The ceramic matrix composites of interest for engine applications have focused on carbon-carbon composites, having a carbon matrix with carbon fibers, and silicon carbide composites, which have a silicon carbide matrix with silicon carbide fibers, the fibers usually being coated. An important limitation to the use of carbonized structural materials is their susceptibility to oxidation in high temperature, oxidizing environments. Oxygen attacks the surface of the carbonized material and seeps into the pores of interstices that invariably are present, oxidizing the surfaces of the pores and continuously weakening the material. The oxidizing atmosphere reaching the fibers, carbon and graphite fibers, seriously degrades the composite structure. An approach to overcome the oxidation of carbon-carbon composites has been the use of glass-formers as oxidation inhibitors. The glass-formers are used as coatings surrounding the outer carbon-carbon composite. In spite of the advances that have been made in carbon-carbon composites, there is still a demand for improved ceramic composites with higher temperature and mechanical capability.
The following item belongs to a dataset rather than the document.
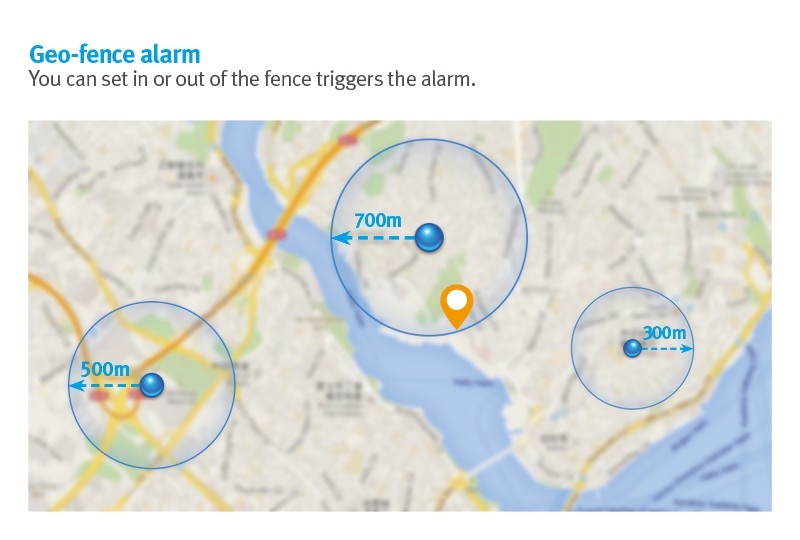 geo fence funkce gps tracker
Silicon carbide-silicon carbide composites are silicon carbide fibers in a silicon carbide matrix. A method of making silicon carbide composites is the use of chemical vapor infiltration. Here, layers of cloth made of the fiber material are coated with boron nitride by chemical vapor infiltration. This takes about one day to deposit about 0.5 micrometers of coating material. The layers of cloth are then coated with silicon carbide by chemical vapor infiltration for about 10 to 20 days. An approach to overcome the oxidation of silicon carbide composites has been the use of an oxygen-scavenging sealant-forming region in intimate contact with the ceramic fibers and a debonding layer, as described in U.S. Pat. No. 5,094,901.
There is a need for an improved ceramic matrix composite that successfully protects reinforcing fibers from oxidation and water-containing environments. There is a further need for a method of making a ceramic matrix composite that takes less time than the chemical vapor infiltration methods for silicon carbide-silicon carbide composites and carbon-carbon composites. There is also a need for a method to make silicon--silicon carbide matrix composites and articles made from molten silicon infiltration that provides protection in dry and water vapor-containing environments at high temperatures, greater than about 600.degree. C.